» Your goal
Your job with the data below: print everything from the line that holds "SOLFIN Financieringen logo" down to the line that holds "パタゴニア patagonia WILD", ends included, exactly, and nothing else.

» Records shown
======

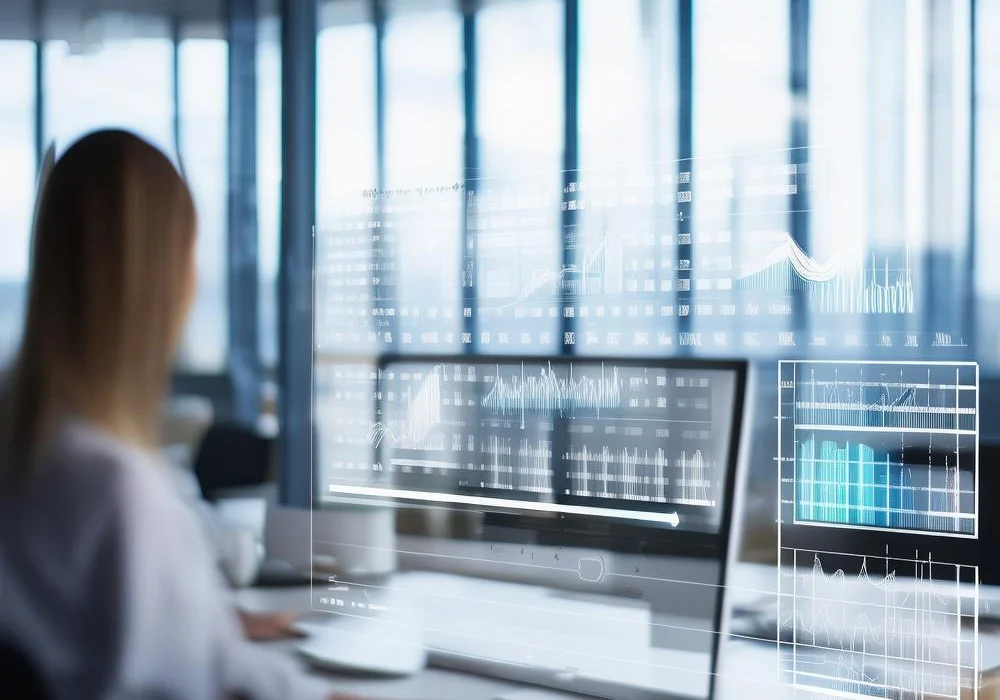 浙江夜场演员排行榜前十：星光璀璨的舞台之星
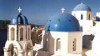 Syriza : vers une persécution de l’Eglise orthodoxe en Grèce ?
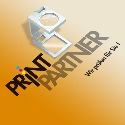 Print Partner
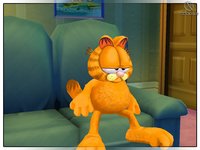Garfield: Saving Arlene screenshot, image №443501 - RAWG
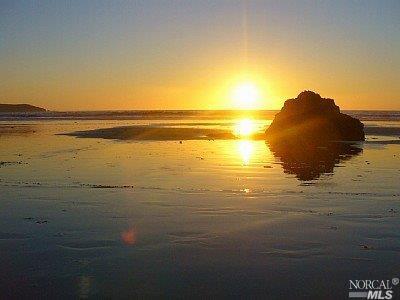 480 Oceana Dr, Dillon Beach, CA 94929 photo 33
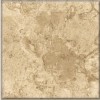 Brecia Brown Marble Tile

======

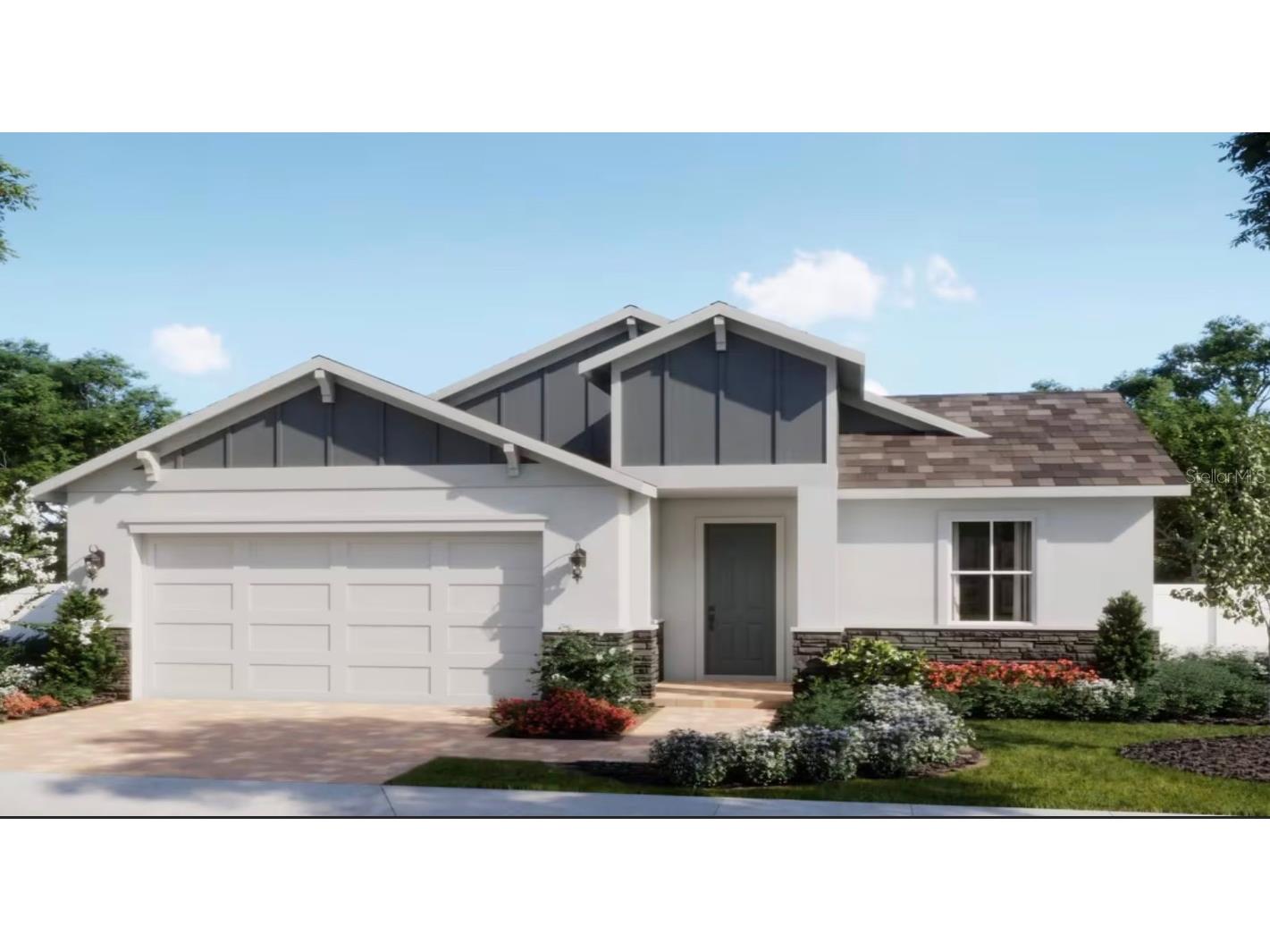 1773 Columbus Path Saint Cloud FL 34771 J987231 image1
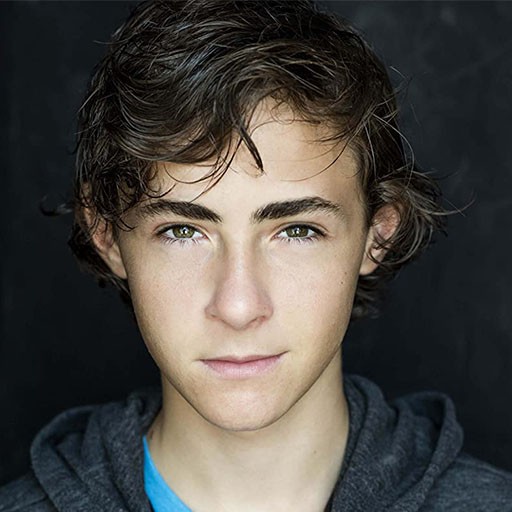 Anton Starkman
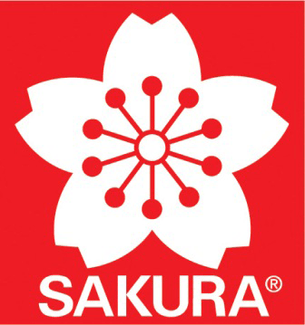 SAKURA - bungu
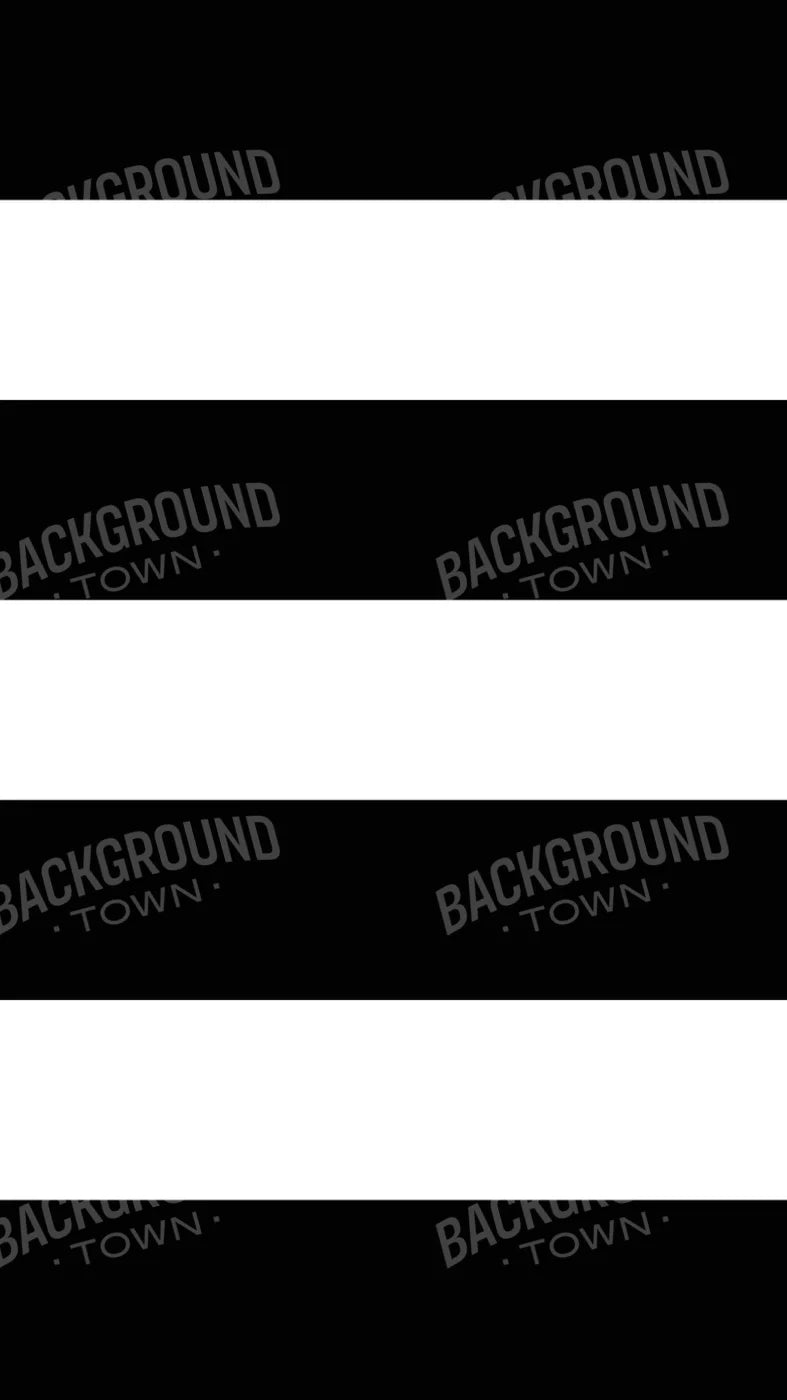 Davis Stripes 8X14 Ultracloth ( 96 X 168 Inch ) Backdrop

======

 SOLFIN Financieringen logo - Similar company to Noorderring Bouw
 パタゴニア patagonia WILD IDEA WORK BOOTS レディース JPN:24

======

» The answer
 SOLFIN Financieringen logo - Similar company to Noorderring Bouw
 パタゴニア patagonia WILD IDEA WORK BOOTS レディース JPN:24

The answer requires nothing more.